Where an entry below contains an image, skip the image and copy the rest exactly.

EXTRACTED RECORDS:
★ ★ ★ ★ ★

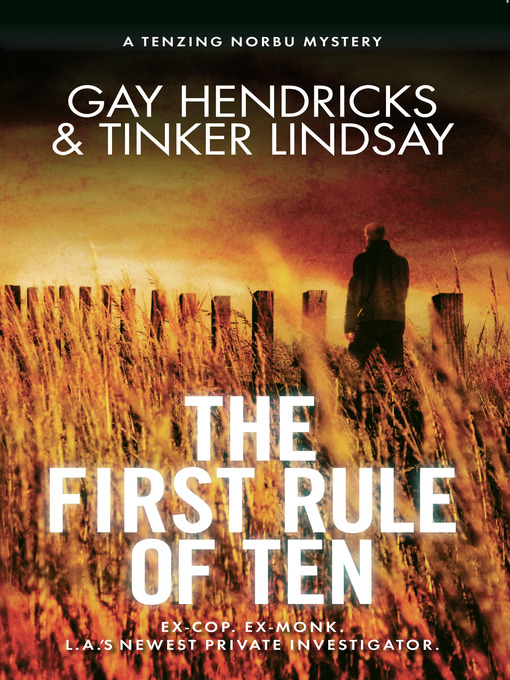 Title details for The First Rule of Ten by Gay Hendricks, Ph.D. - Available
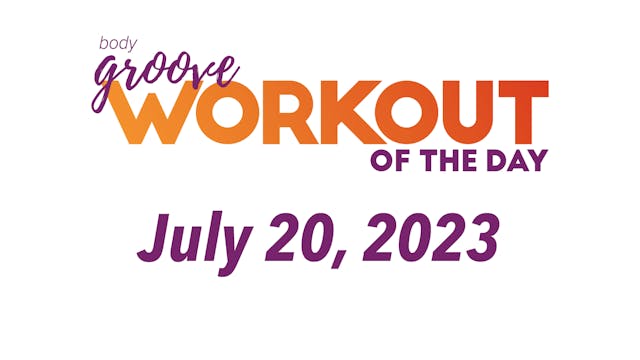Workout Of The Day - July 20, 2023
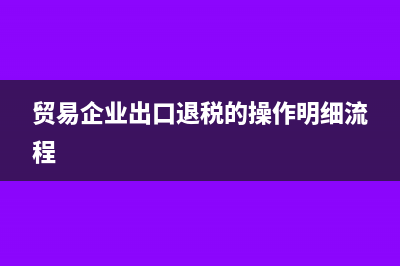 贸易企业出口退税流程?(贸易企业出口退税的操作明细流程)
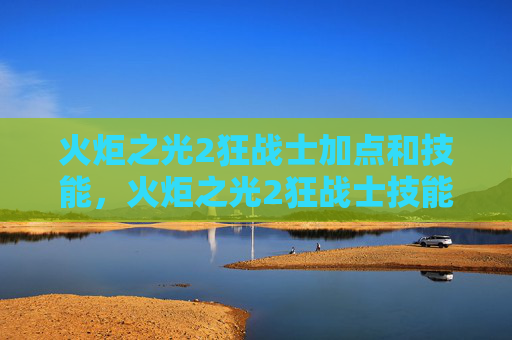 火炬之光2狂战士加点和技能，火炬之光2狂战士技能加点攻略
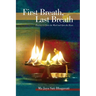 First Breath, Last Breath: Practices to Quiet the Mind and Open the Heart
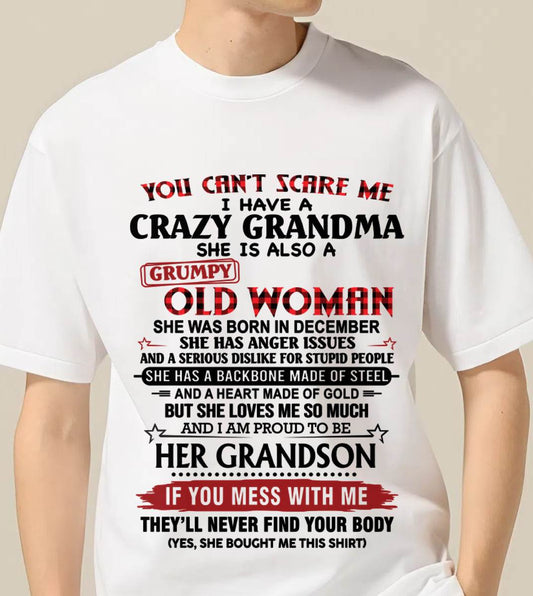 DECEMBER - YOU CAN'T SCARE ME I HAVE A CRAZY GRANDMA SHE IS ALSO A GRUMPY OLD WOMAN - FROM GRANDMA - TLEE12 (SKU2603-54-12)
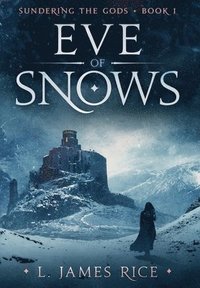 bokomslag Eve of Snows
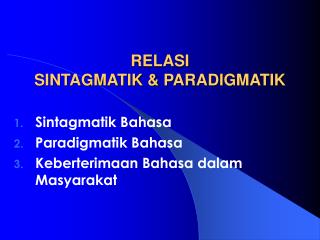 RELASI SINTAGMATIK &amp; PARADIGMATIK
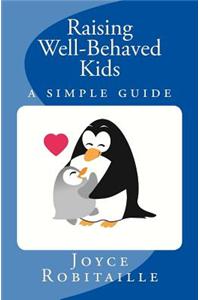 Raising Well-Behaved Kids . . . a Simple Guide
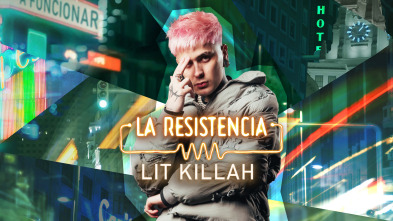 Imagen de La Resistencia (T7): Lit Killah / Samara Joy - 2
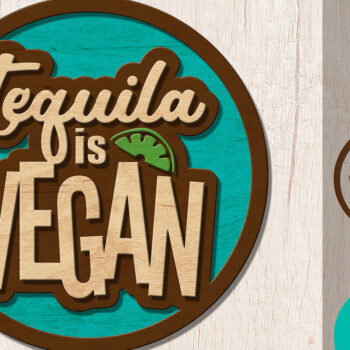 Intra απο ξύλο plywood 3mm-4mm πάχος – Η τεκίλα είναι Vegan, Funny Quote Δίασταση  20x20 cm INTRAFABR-13061852 - Image 2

★ ★ ★ ★ ★

TASK ANSWER:
 Title details for The First Rule of Ten by Gay Hendricks, Ph.D. - Available
Workout Of The Day - July 20, 2023
 贸易企业出口退税流程?(贸易企业出口退税的操作明细流程)
 火炬之光2狂战士加点和技能，火炬之光2狂战士技能加点攻略
 First Breath, Last Breath: Practices to Quiet the Mind and Open the Heart
 DECEMBER - YOU CAN'T SCARE ME I HAVE A CRAZY GRANDMA SHE IS ALSO A GRUMPY OLD WOMAN - FROM GRANDMA - TLEE12 (SKU2603-54-12)
 bokomslag Eve of Snows
 RELASI SINTAGMATIK &amp; PARADIGMATIK
 Raising Well-Behaved Kids . . . a Simple Guide
 Imagen de La Resistencia (T7): Lit Killah / Samara Joy - 2
 Intra απο ξύλο plywood 3mm-4mm πάχος – Η τεκίλα είναι Vegan, Funny Quote Δίασταση  20x20 cm INTRAFABR-13061852 - Image 2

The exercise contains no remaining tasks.